The Ant Mill traffic pattern not only facilitates the generation of adverse scenarios in networks based on random graphs but also establishes a general criterion for consistently achieving comparable outcomes in other types of networks such as Dragonfly [24], Slimfly [5], and Projective networks [13]. All these networks employ low-diameter direct topologies designed to interconnect a substantial number of servers.

The paper is organized as follows: In Sect. 2, essential technical background on graphs and networks is provided. Section 3 reviews some adversarial traffic patterns for self-containment. Section 4 defines the Ant Mill traffic pattern, which, as will be described, is based on a Hamiltonian cycle embedded in the topology of the interconnection network. Section 5 explains the construction of the Hamiltonian cycle. Section 6 discusses the results of the experimentation. Finally, in Sect. 7, a brief discussion concludes the paper.

2 Background

In this section, we establish some concepts necessary for the development of the rest of the paper. First, a network comprises servers that are attached to switches, which are interconnected. The associated topology dictates this interconnection. The topology is mathematically modeled by a graph G(VE), where the set of vertices V represents the switches and the set of edges E represents the links connecting any pair of switches. We will assume that each switch has the same radix (number of ports), which is split into the servers connected to it and its adjacent switches. The number of adjacent switches defines the degree d of the associated graph. The routing mechanism determines the path that is used to communicate any pair of servers.

The distance between two switches \(x_i\) and \(x_j\) is the distance in the graph, written \(D(x_i, x_j)\), and defined as the number of edges in a minimum path between them. The radius and diameter of the graph are, respectively, the minimum and maximum values of the eccentricity, which is the longest distance from a switch to any other switch. The diameter of a graph G is written as D(G), and its average distance is represented by \(\bar{D}\).

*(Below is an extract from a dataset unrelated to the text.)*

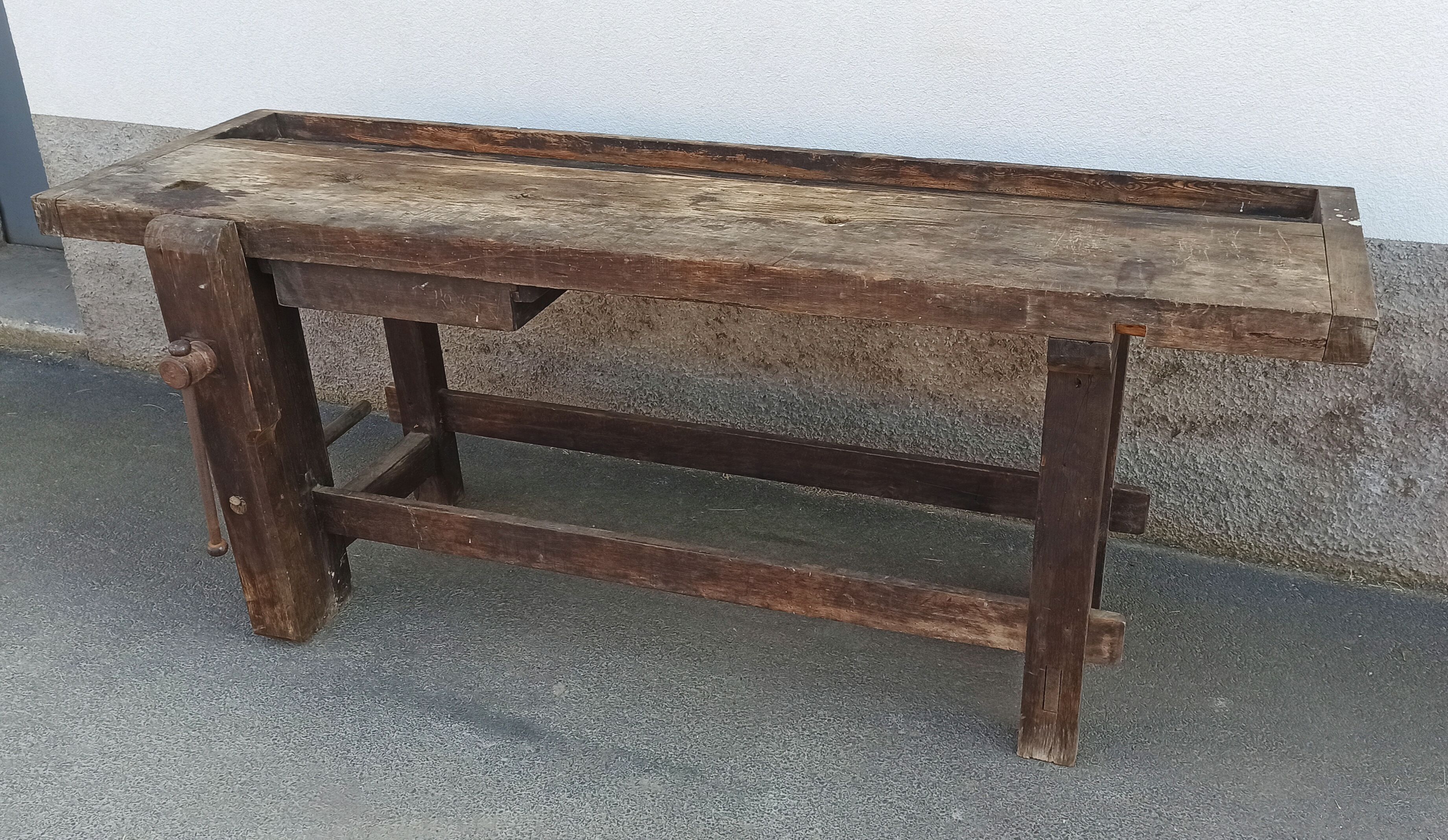 Old wooden workbench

There are various topologies employed in computer systems, each exhibiting distinct distance properties. Simple topologies like meshes and tori have diameters that increase with their size. Specifically, adding a new row to a mesh increases the diameter by 1. While tori are still utilized in some supercomputers [2], there is a prevailing trend aimed at reducing the cost and latency of modern systems by minimizing the diameter. Low-diameter topologies are structured to accommodate an increasing number of servers by augmenting the degree rather than the diameter. In practice, the router radix can be predetermined to establish the maximum size to which the system can expand. In some instances, routers can be replaced with others featuring a greater radix, although this process more closely resembles network migration than a simple upgrade. The least practicable diameter, which is 2, has garnered attention with several proposals available in the literature, see for example [5, 9, 13, 22, 38]. For diameter 3, the Dragonfly topology is notable, famously employed in the Frontier Supercomputer [4]. Practicable instances of Fat-Trees and Random Regular Graphs (RRGs) are also low-diameter networks.

In network communications, a traffic pattern is defined by the potential destinations of each server. We focus on traffic patterns where all servers generate and consume equal amounts of load, referred to as admissible traffic. In the traffic patterns defined later, no server sends traffic to another attached to the same switch. Collectively, the traffic pattern, topology, and routing establish the network’s performance in a simplified sense. We take maximum throughput as primary performance metric, representing the maximum total load effectively accepted, normalized to the ideal total capacity of the servers. Within this framework, we theoretically introduce the concept of an adverse traffic pattern.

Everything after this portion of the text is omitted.